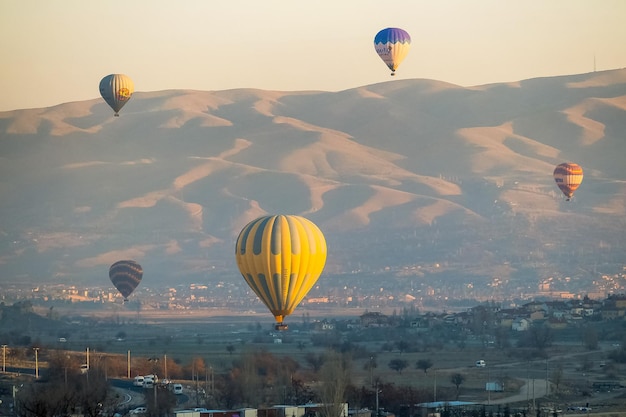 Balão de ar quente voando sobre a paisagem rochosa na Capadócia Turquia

--

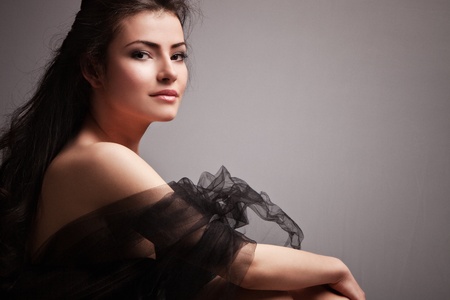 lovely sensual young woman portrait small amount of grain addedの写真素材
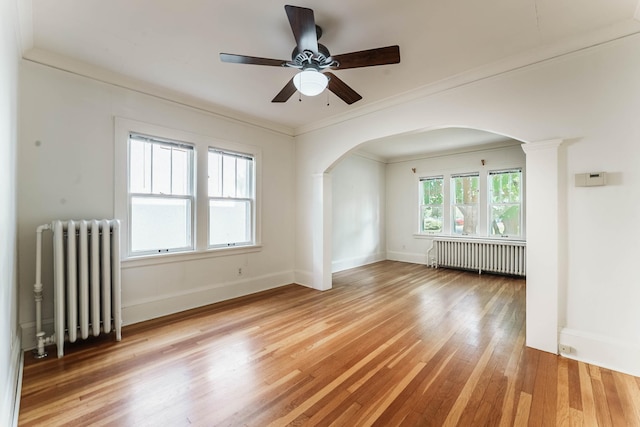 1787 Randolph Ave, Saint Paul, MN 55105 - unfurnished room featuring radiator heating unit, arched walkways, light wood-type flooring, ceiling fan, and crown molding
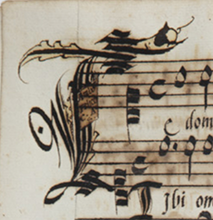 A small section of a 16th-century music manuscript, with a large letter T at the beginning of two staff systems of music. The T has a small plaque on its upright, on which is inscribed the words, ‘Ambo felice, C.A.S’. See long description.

» What the exercise asks
Exactly the lines above from the one that contains "lovely sensual young" down to the one that contains "A small section" are to be output, both ends kept and pictures omitted.

» Written answer
 lovely sensual young woman portrait small amount of grain addedの写真素材
 1787 Randolph Ave, Saint Paul, MN 55105 - unfurnished room featuring radiator heating unit, arched walkways, light wood-type flooring, ceiling fan, and crown molding
 A small section of a 16th-century music manuscript, with a large letter T at the beginning of two staff systems of music. The T has a small plaque on its upright, on which is inscribed the words, ‘Ambo felice, C.A.S’. See long description.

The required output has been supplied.